Se la Cina frena vuol dire che preferisce l’“umiliazione” di un passo indietro piuttosto che essere accusata di correre in modo spregiudicato e irresponsabile lungo la strada del nucleare civile.
L’emergenza di Fukushima ha costretto i leader del gigante d’Asia a «sospendere temporaneamente» i piani per la costruzione di nuovi reattori e i lavori in altri. Se ne parla poco in Occidente, ma in Asia la corsa al nucleare è diffusa e incessante, anche perché aumenta la domanda di energia, al pari delle pressioni per un ruolo attivo nella battaglia contro i cambiamenti climatici.
La Cina è un Paese sismico come il Giappone e quello cinese è il più grande progetto di sviluppo dell’energia atomica del pianeta. Pechino, sbandierando la priorità della «sicurezza» e la linea della prudenza, ha anche deciso di dare il via a una serie di controlli nei siti esistenti e negli almeno 25 reattori in costruzione, che dovrebbero essere di terza generazione. Ufficialmente, la decisione delle ultime ore è quella di procedere con un «esame più approfondito» del programma nucleare e con eventuali «aggiustamenti». In passato la rapidità dei progetti cinesi nel settore, finiti anche al centro di scandali, ha spesso sollevato interrogativi sulla sicurezza dei siti.
Attualmente in Cina sono operative 13 centrali nucleari e circa il 2% del fabbisogno energetico della Repubblica Popolare viene coperto dall’energia nucleare. Il carbone provvede per l’80%. Ma il progetto ambizioso di Pechino, che appare determinata a ridurre la forte dipendenza da quest’ultimo, prevede di portare le centrali nucleari a produrre 80 gigawatt tra nove anni, 200 nel 2030 e 400 nel 2050.
L’energia atomica gioca un ruolo di primo piano nell’incessante corsa allo sviluppo della seconda potenza economica mondiale. Lo scorso settembre, il China Daily scriveva che solo la China National Nuclear Corporation (Cnnc) pianifica di investire in progetti nel settore 800 miliardi di yuan (circa 85 miliardi di euro) entro il 2020. Nel gigante d’Asia la costruzione centrali nucleari è iniziata a metà degli anni Ottanta, ma la corsa è iniziata nel XXI secolo. Sin dal decimo piano quinquennale (2001-2005) per lo sviluppo economico e sociale del Paese, infatti, la leadership cinese ha iniziato a porsi obiettivi ambiziosi per la costruzione di reattori in diverse zone del Paese. Nel 12mo piano quinquennale (2011-2015) appena approvato, oltre 16 province, regioni e municipalità, hanno annunciato di essere interessate alla costruzione di reattori. Tra tutte spicca il Sichuan, devastato dal terremoto del maggio 2008, che provocò 87mila vittime.
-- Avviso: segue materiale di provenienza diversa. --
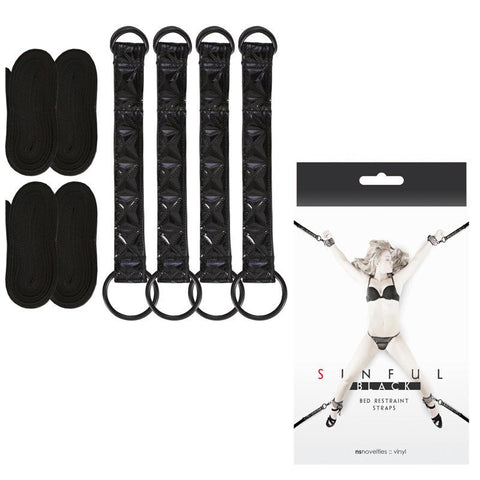 Sinful Black Bed Restraint Straps
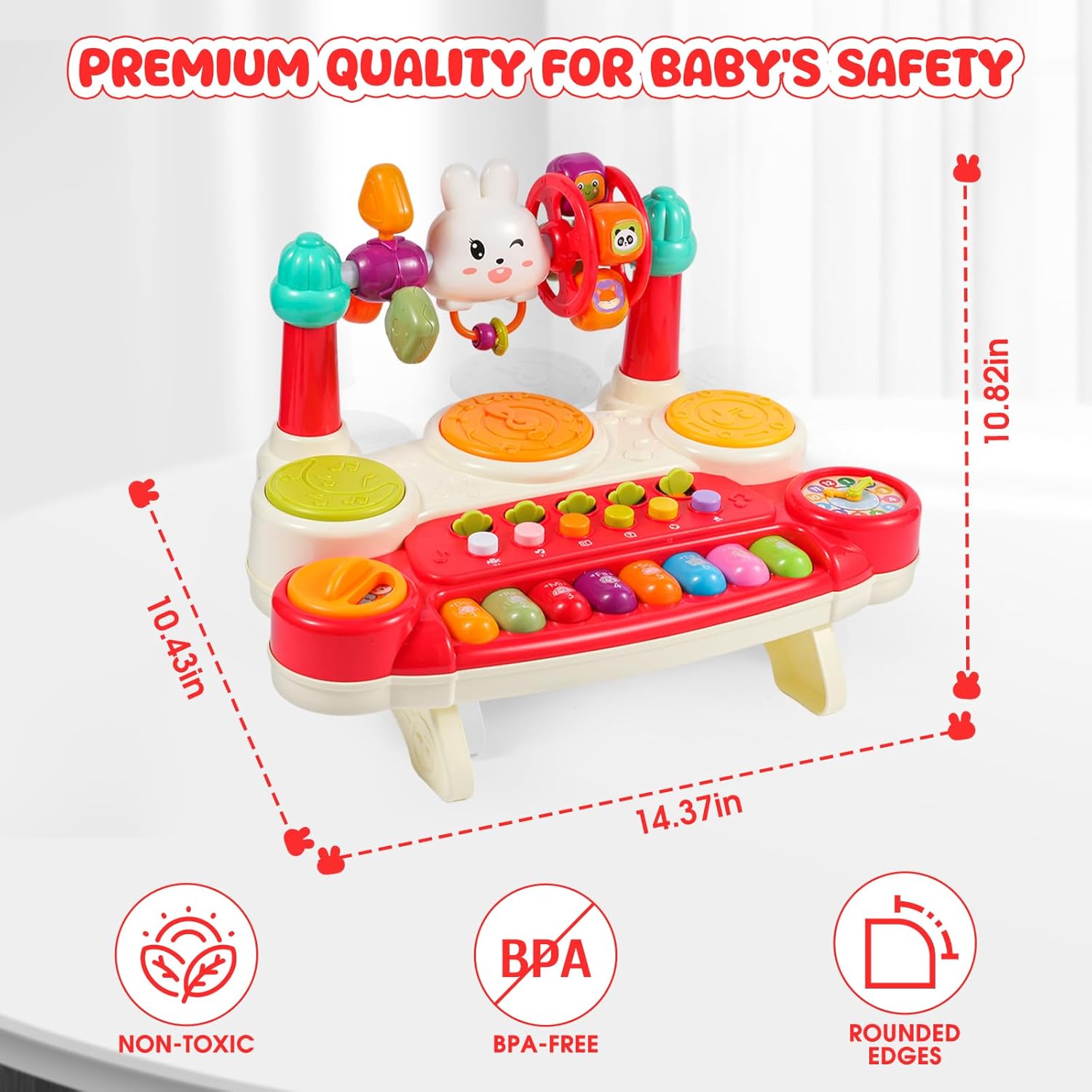 Baby Educational Musical Toys for 18-24 Months Toddlers 2 3 4 5 6 Years Old Boys Girls, Interactive Early Learning Toy for Kids Piano Drum Set Montessori Toys Christmas Birthday Gifts Red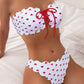Bikini bandeau à cœurs avec laçage – Maillot 2 pièces irrésistible et féminin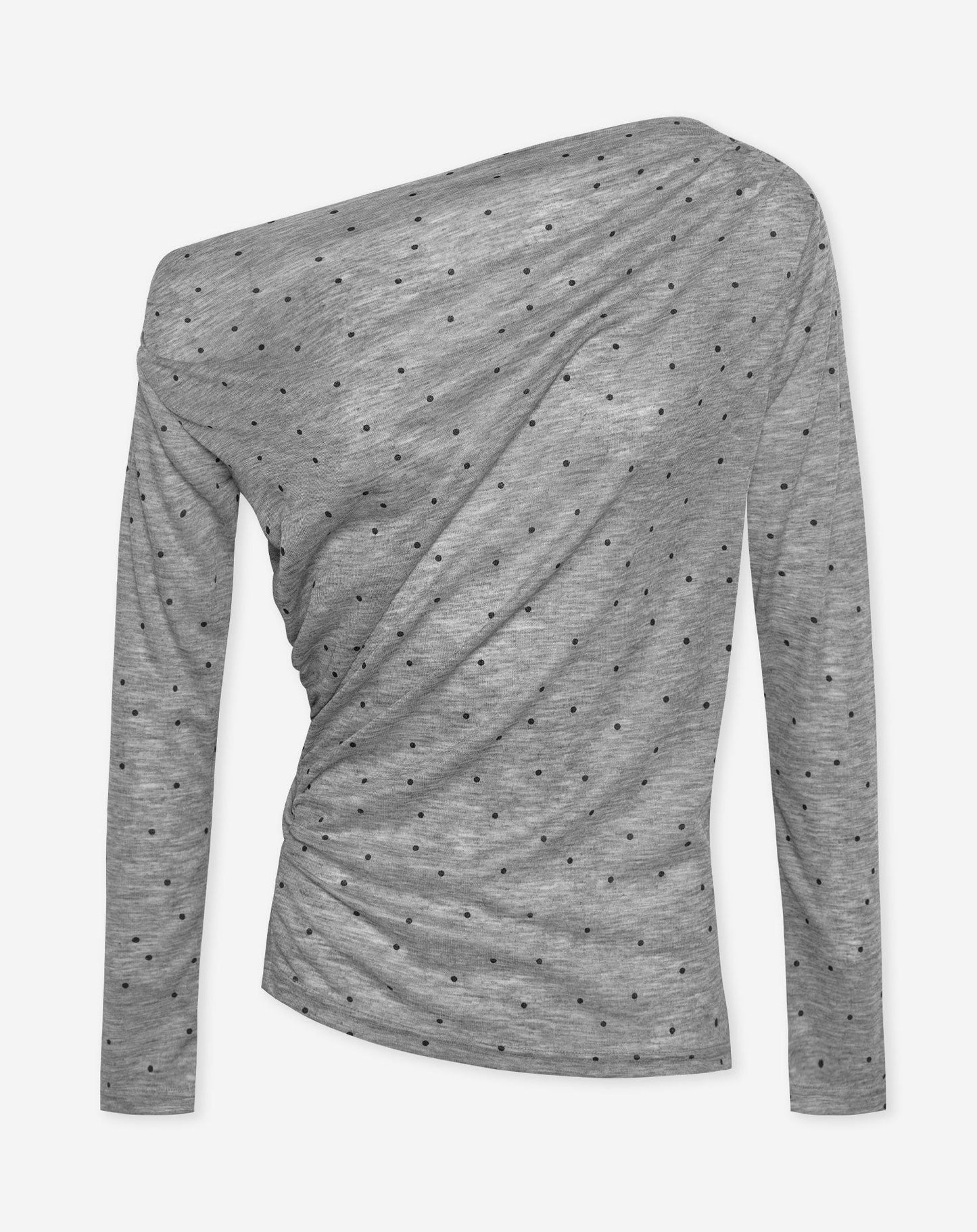 Women's Off Shoulder Polka Dot Top with Elastic Neckline and Short Sleeves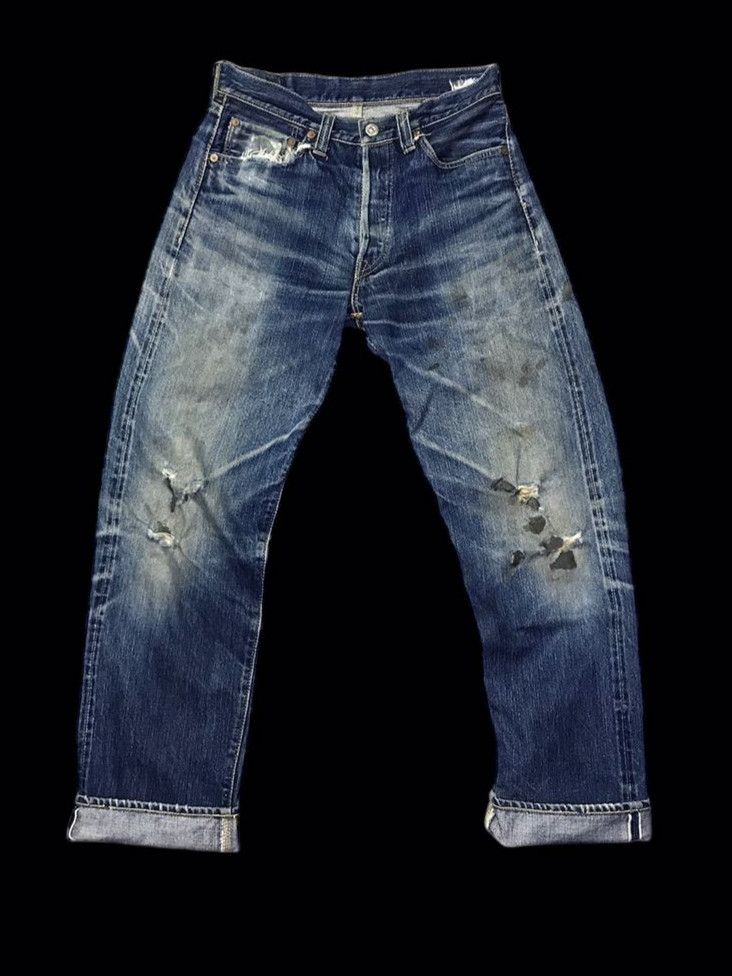 image of Distressed Denim x Sugar Cane Distress Sugar Cane Salvage in Blue, Men's (Size 28)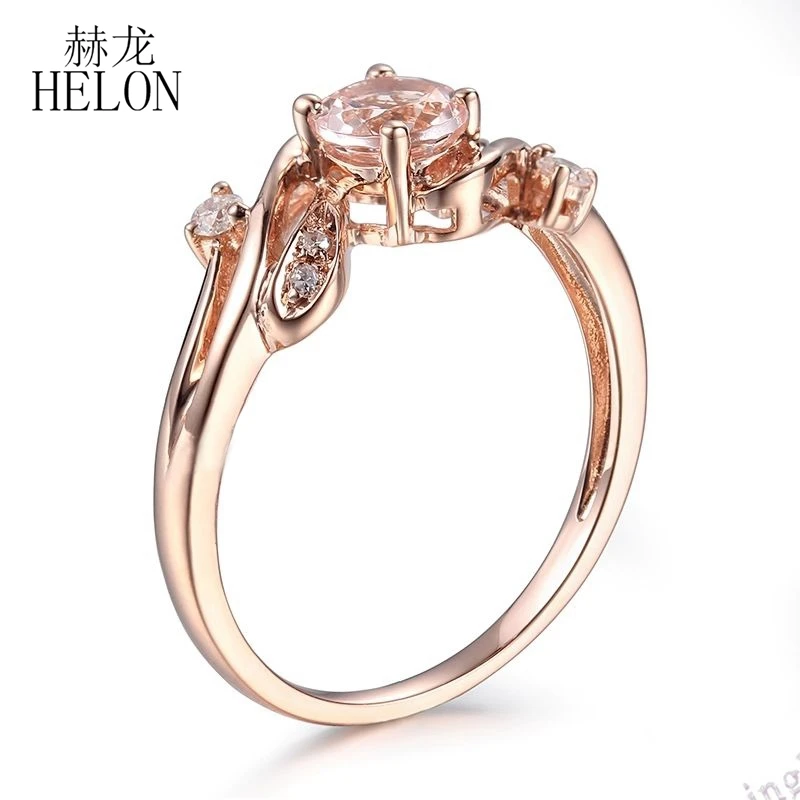 HELON Solid 10 к розовое золото безупречный круглый 0.6ct натуральный морганит бриллианты обручальные драгоценные камни для женщин Трендовое Ювелирное кольцо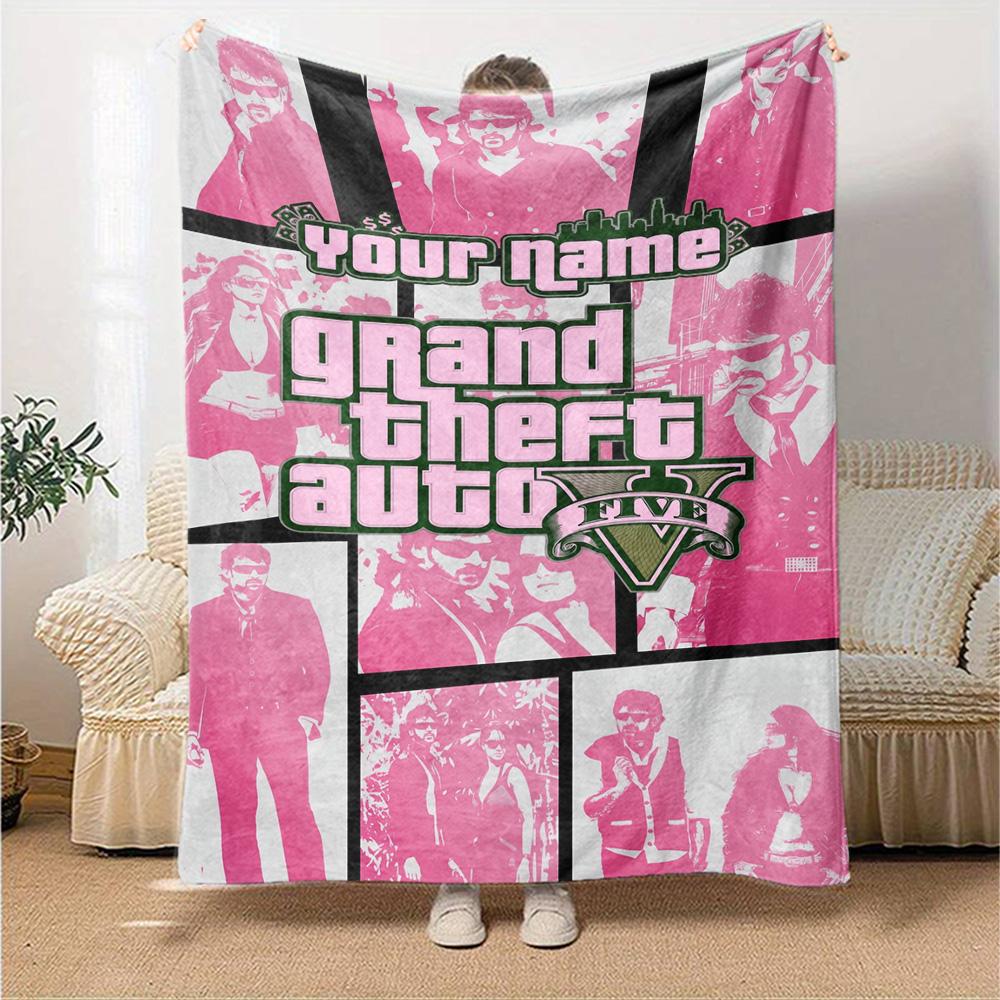 Grand Theft Auto Personalized Name Blanket Cozy Personalized Blanket Comfortable Great for Office Nap Office Chair Couch Four Seasons Multipurpose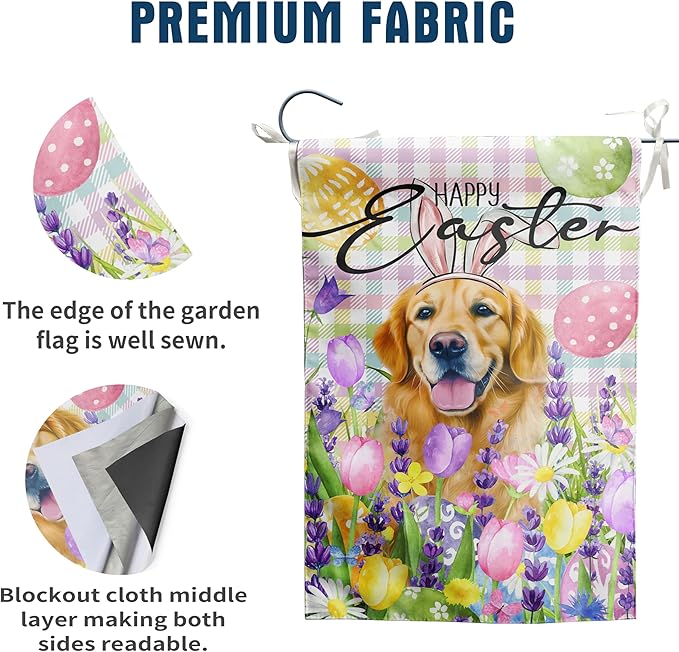 Happy Easter Dog Garden Flag Golden Retriever Spring Flags Buffalo Plaid Bunny Eggs Yard Flag for Outside 12x18 Double Sided Small Decorative Floral Outdoor Flag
Anche se nei giorni scorsi Pechino ha assicurato che i cinesi non hanno da temere per fughe radioattive dal Giappone, perché i venti soffiano nella direzione opposta, in preda al panico scatenato da false notizie sull’arrivo di nubi tossiche o radiazioni, gli abitanti del gigante d’Asia hanno fatto scorte di medicine e soprattutto di sale, tutti alla caccia di iodio, che dovrebbe proteggere dai danni alla tiroide provocati dalle radiazioni. E intanto la Repubblica Popolare, dopo aver offerto aiuto e assistenza al Giappone in seguito al terremoto e allo tsunami della scorsa settimana (lo stesso aveva fatto il Sol Levante dopo il sisma del Sichuan, ma la differenza è che pochi mesi fa la tensione è salita alle stelle per l’annosa disputa sulle isole Diaoyu/Senkaku nel Mar della Cina Orientale), ha inasprito i toni e intimato alla storica nemica Tokyo di fornire rapidamente «informazioni precise» sulla situazione a Fukushima e «valutazioni e previsioni» per il futuro. Problemi nucleari a parte, nella bocca di Pechino cresce nel frattempo l’acquolina per il petrolio libico, dopo le parole del colonnello Gheddafi che le diplomazie occidentali non avrebbero mai voluto sentire.
I dati sono tratti da un documento aggiornato al 10 marzo 2011 della World Nuclear Association.